Il liceo classico non è quindi una minaccia, ma una risorsa. L’unico corso di studi che, attraverso l’analisi di fatti, comportamenti e pensieri cronologicamente lontani, permette la formazione di uomini e donne pienamente consapevoli del proprio essere e del futuro che li attende.

Il problema sta alla radice: il motivo per il quale molti ragazzi non sanno scrivere correttamente parte dall’insegnamento a loro impartito; i loro insegnanti, laureati in Lettere, non saranno mai in grado di insegnare ad altri ciò che loro stessi non sanno fare. Arrivati all’università, si presuppone che siano ben fondate (o quantomeno presenti) le basi del saper scrivere, evitando errori appena tollerabili in terza elementare. Purtroppo, però, come riscontrato nella lettera scritta da 600 professori universitari, “i giovani non sanno più scrivere”. Un motivo ulteriore potrebbe essere l’eventuale variante per la seconda prova di maturità al classico, proposta da Maurizio Bettini: “la singola traduzione è diventata obsoleta, inutile e dannosa”, quindi si pensa di integrarla con contestualizzazione, commento e domande chiuse e aperte. Chi ha sperimentato in prima persona, o sta frequentando ora, un percorso di studi classici di qualità (ore ben spese in classe, con uno studio personale adeguato) difficilmente troverà un senso nell’assurda presa di posizione del filologo. Si tratta infatti di ciò che viene già insegnato e verificato attraverso studio degli autori e della letteratura antica.

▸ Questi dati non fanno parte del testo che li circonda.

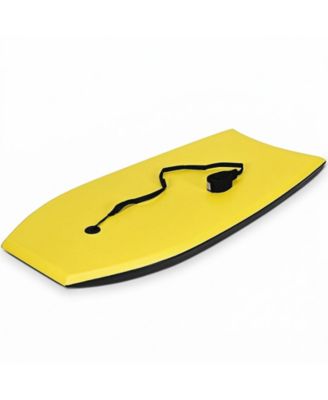 Super Lightweight Surfing Bodyboard with Leash and Comfortable
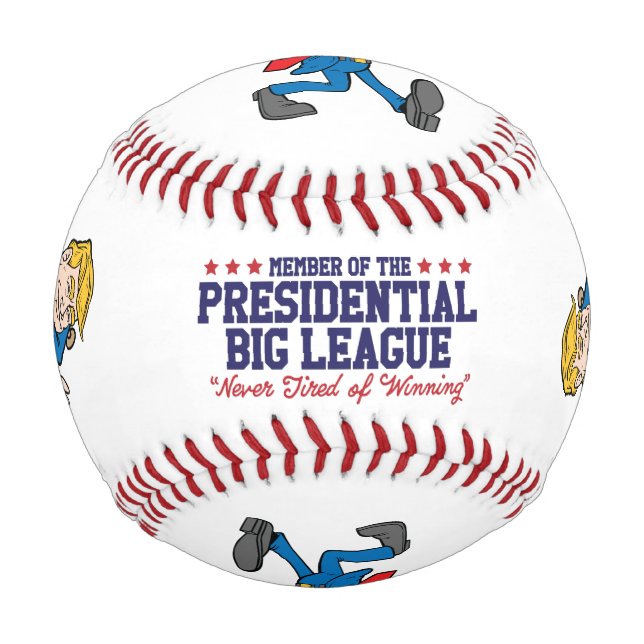 "Presidential Big League" Funny Trump Baseball (Front)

Paola Mastrocola, e con lei gli altri sostenitori della “scuola difficile”, si interrogano su quali possano essere delle possibili alternative alle sole materie capaci di strutturare la logica dello studente in modo così profondo. Le materie scientifiche non sono certo da meno quando si parla di ragionamenti complicati, hanno infatti acquisito importanza anche al liceo classico, ma richiedono competenze e seguono percorsi logici che non possono sostituire quelli delle lingue del greco e del latino, sotto certi punti di vista anch’esse scienze, che richiedono sforzo e tempo, ma che con la loro difficoltà (e con le altre materie) sono rimaste le ultime ad insegnare la disciplina dello studio.